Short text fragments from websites
»»

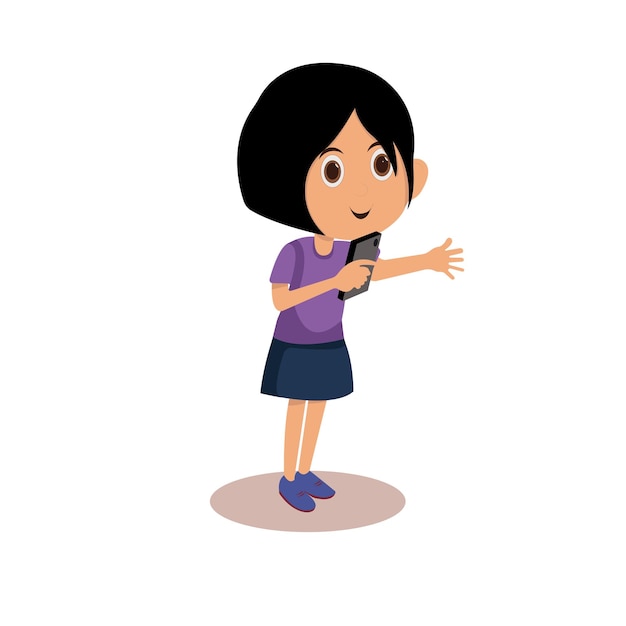 Cute Little Girl Standing With Holding Phone In Hand, Girl Cartoon Character Vector Illustration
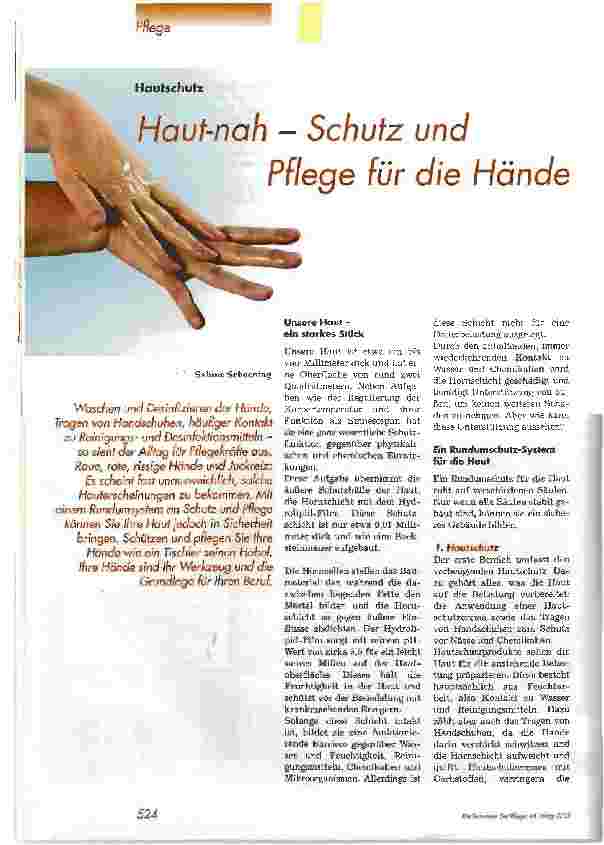 Vorschauseite 1: Haut-nah - Schutz und Pflege für die Hände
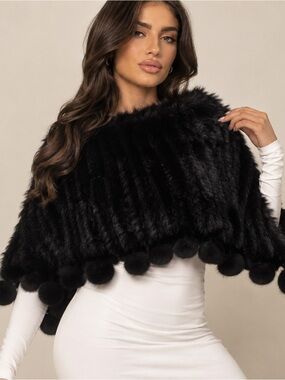 Black Rabbit Fur Pom-Pom Capelet Poncho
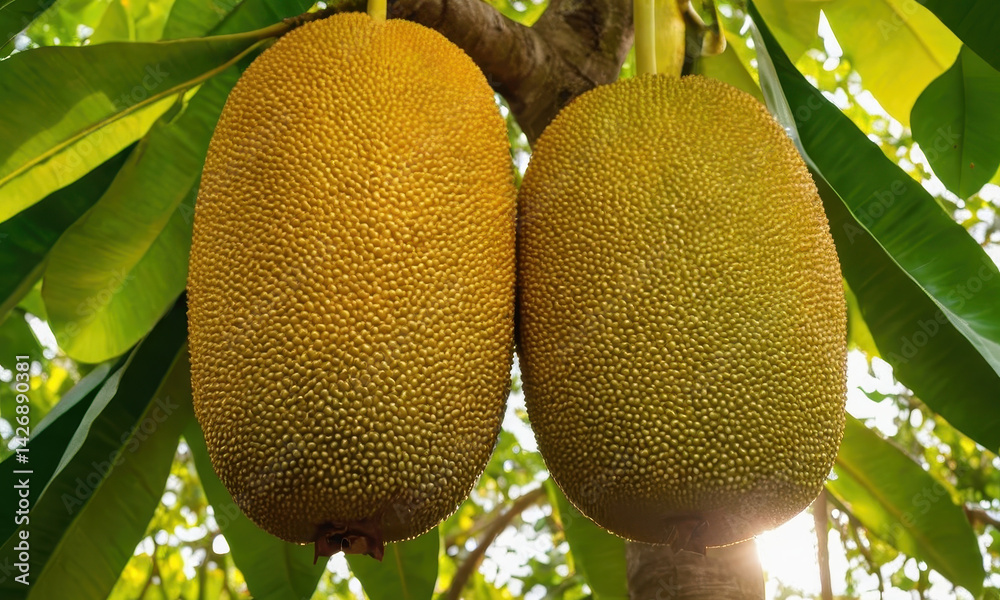 Fresh jackfruit fruit hanging from tree branch in sunny day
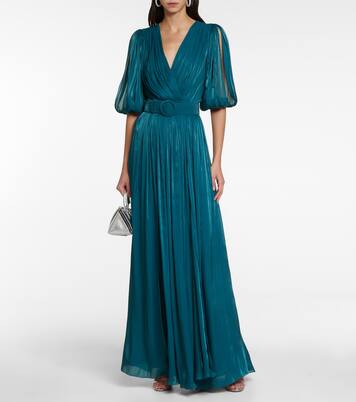 Brennie iridescent georgette gown | Costarellos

««

# Action item
Exact copy, no pictures: set down all the entries again as they stand.

# Problem solution
 Cute Little Girl Standing With Holding Phone In Hand, Girl Cartoon Character Vector Illustration
 Vorschauseite 1: Haut-nah - Schutz und Pflege für die Hände
 Black Rabbit Fur Pom-Pom Capelet Poncho
 Fresh jackfruit fruit hanging from tree branch in sunny day
 Brennie iridescent georgette gown | Costarellos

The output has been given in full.